◆ TRY IT ◆
An exact copy of all the lines below is required, with every image left out.

(Web page caption snippets)
↓↓↓

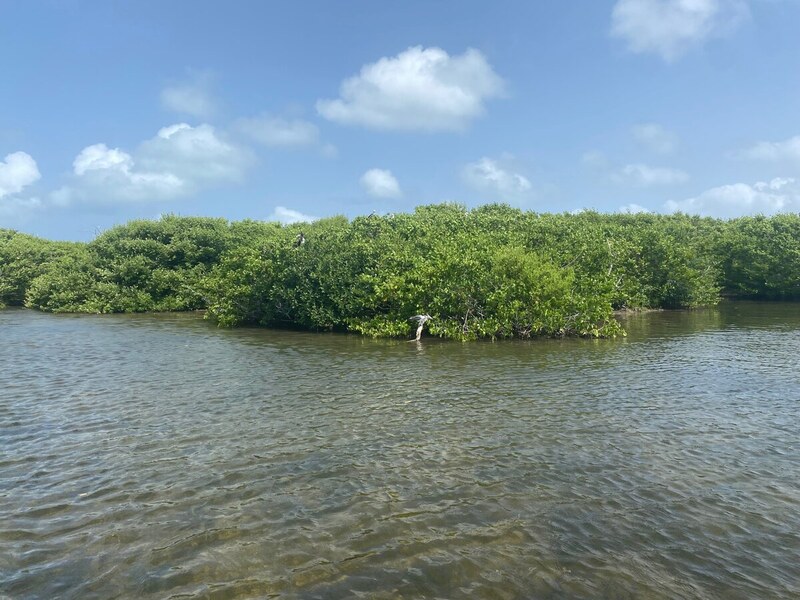 Barbuda
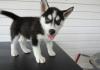 Dog breeders, dog kennels Available Siberian Husky Pups For adoption 
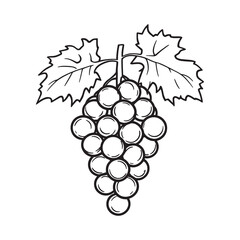 minimalist grape vine line art perfect for branding projects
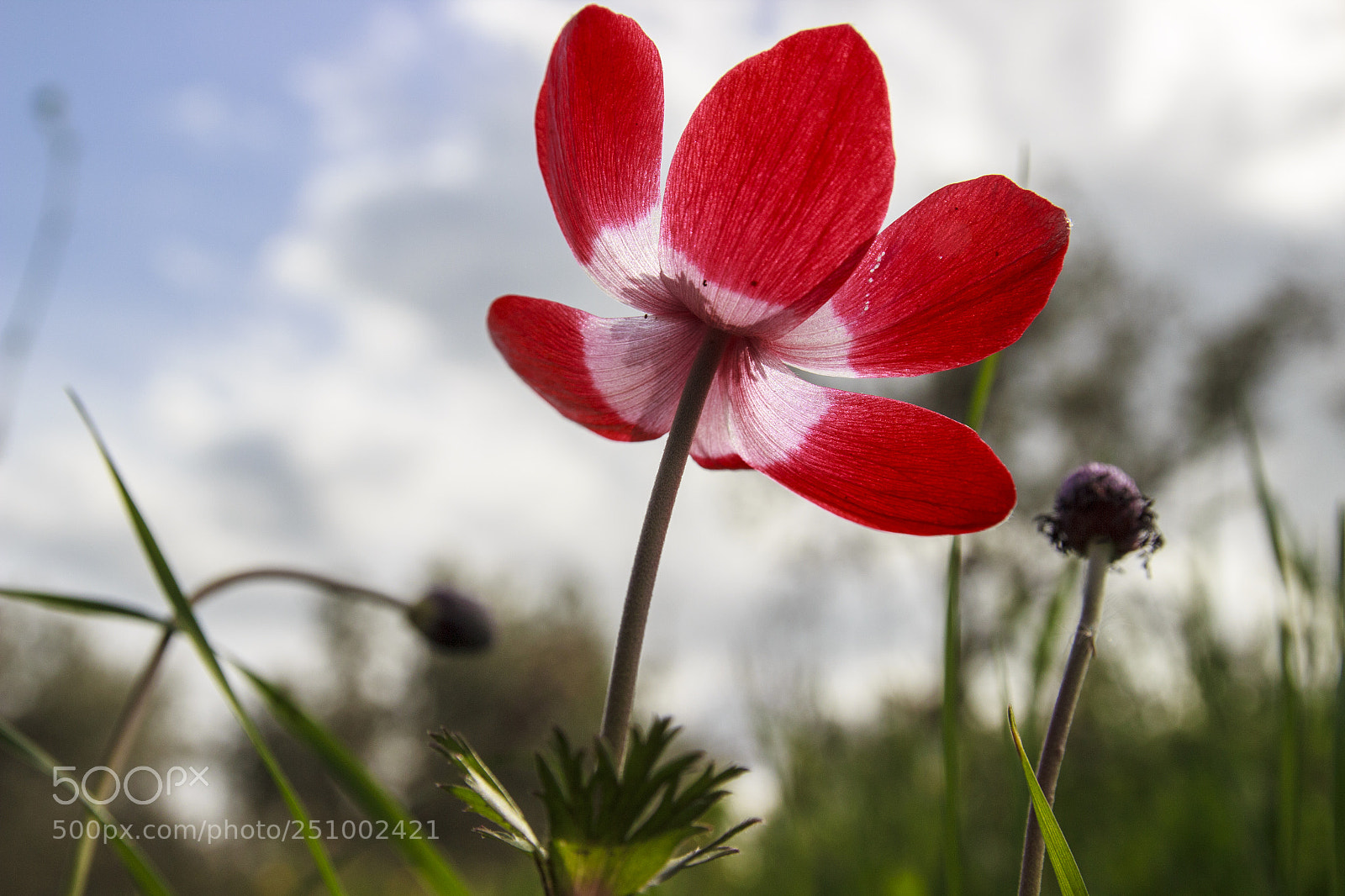 Canon EOS 600D (Rebel EOS T3i / EOS Kiss X5) sample photo. Flower photography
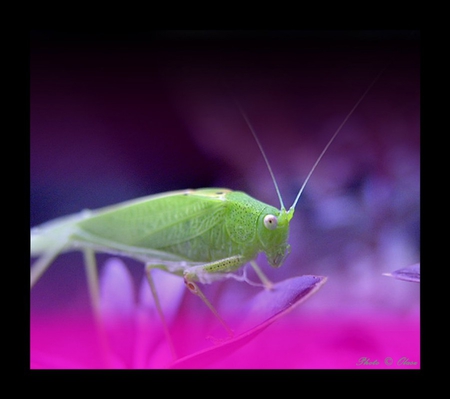 Grasshopper - animal, colors, insect, grasshopper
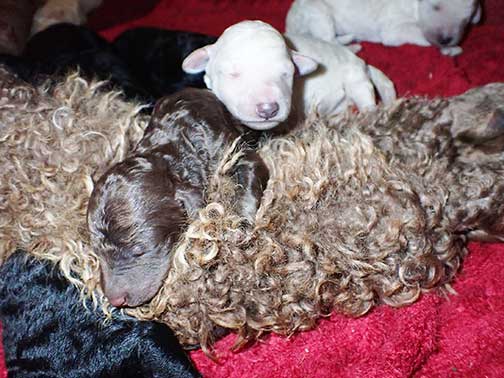 gr1wk19whitestandardpoodlesforsale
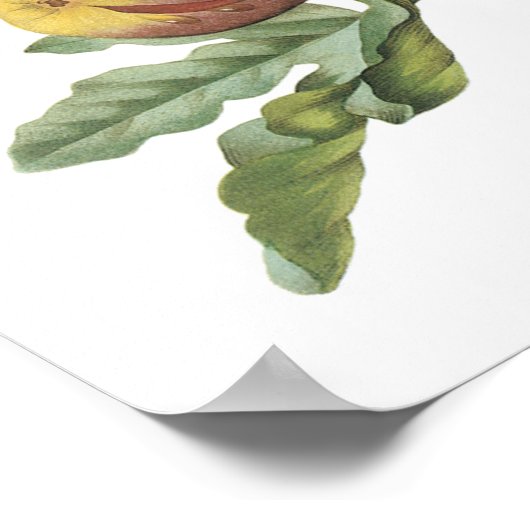 vijg (Ficus violacea) van Redouté Poster (Hoek)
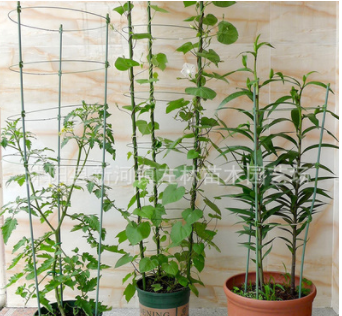 左林苗木|植物固定爬藤架子 鐵環(huán)花支架藤本支架攀爬植物專用花架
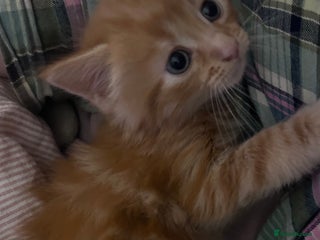 British Longhair cats Ginger British long hair male kitten - Advert 7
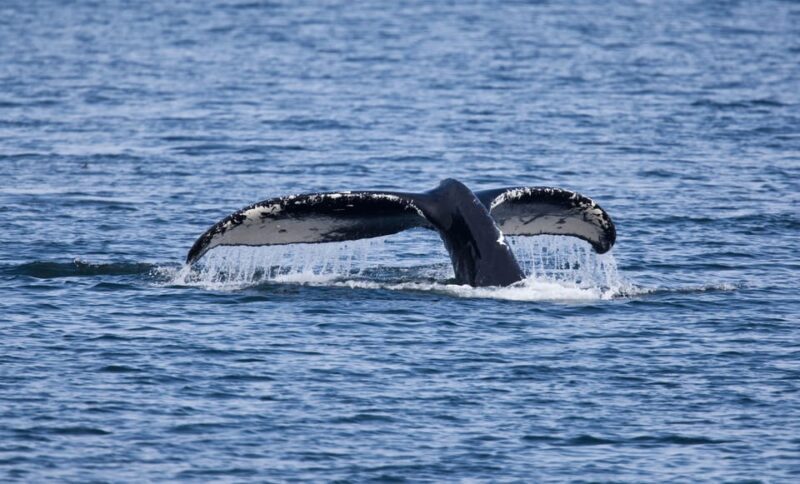 Juneau: Whale Watching and Wildlife Cruise with Local Guide - Why This Tour Offers Great Value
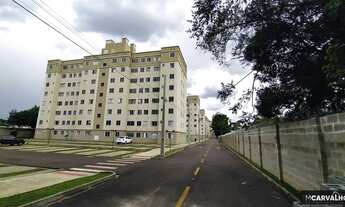 Imagem 4: Apartamento para Locação em Pinhais, Atuba, 2 dormitórios, 1 banheiro, 1 vaga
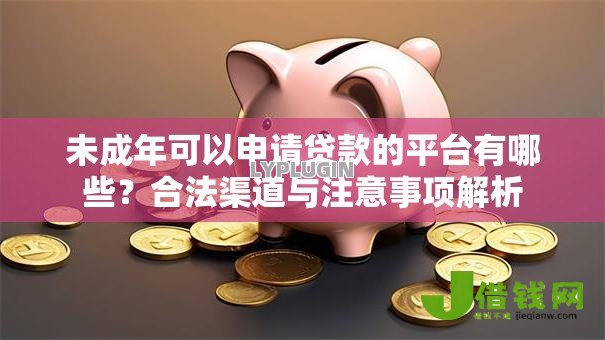 未成年可以申请贷款的平台有哪些？合法渠道与注意事项解析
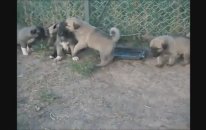 Efsane Kangalın Minik Torunları
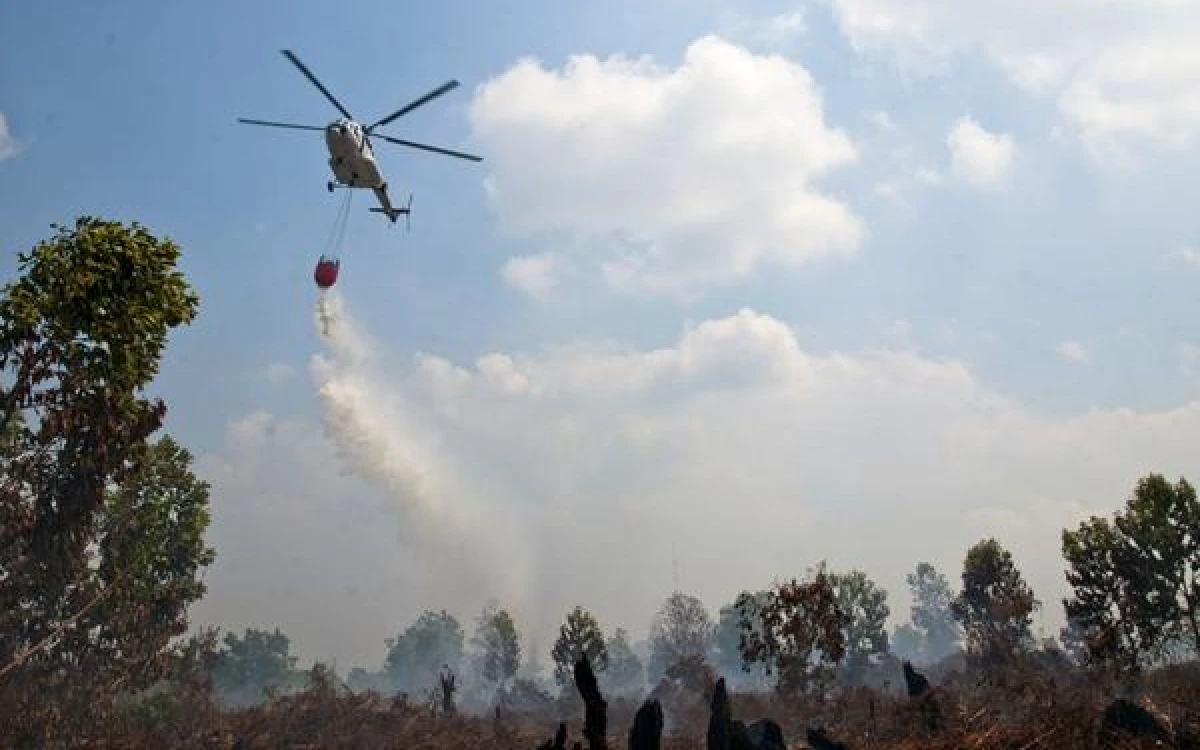 Upaya Pemadaman Karhutla Berlanjut, Sanksi bagi Pelaku Pembakaran Diperberat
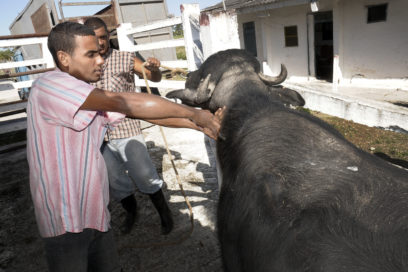 Arjona, el más joven en el Congreso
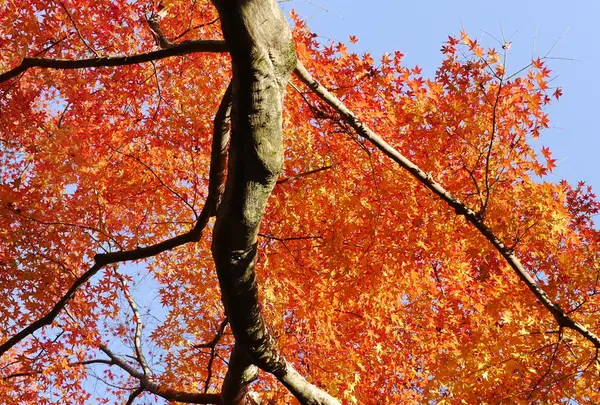 すばらしい紅葉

↑↑↑

◆ REPLY TO THE TASK ◆
 Barbuda
 Dog breeders, dog kennels Available Siberian Husky Pups For adoption 
 minimalist grape vine line art perfect for branding projects
 Canon EOS 600D (Rebel EOS T3i / EOS Kiss X5) sample photo. Flower photography
 Grasshopper - animal, colors, insect, grasshopper
 gr1wk19whitestandardpoodlesforsale
 vijg (Ficus violacea) van Redouté Poster (Hoek)
 左林苗木|植物固定爬藤架子 鐵環(huán)花支架藤本支架攀爬植物專用花架
 British Longhair cats Ginger British long hair male kitten - Advert 7
 Juneau: Whale Watching and Wildlife Cruise with Local Guide - Why This Tour Offers Great Value
 Imagem 4: Apartamento para Locação em Pinhais, Atuba, 2 dormitórios, 1 banheiro, 1 vaga
 未成年可以申请贷款的平台有哪些？合法渠道与注意事项解析
 Efsane Kangalın Minik Torunları
 Upaya Pemadaman Karhutla Berlanjut, Sanksi bagi Pelaku Pembakaran Diperberat
 Arjona, el más joven en el Congreso
 すばらしい紅葉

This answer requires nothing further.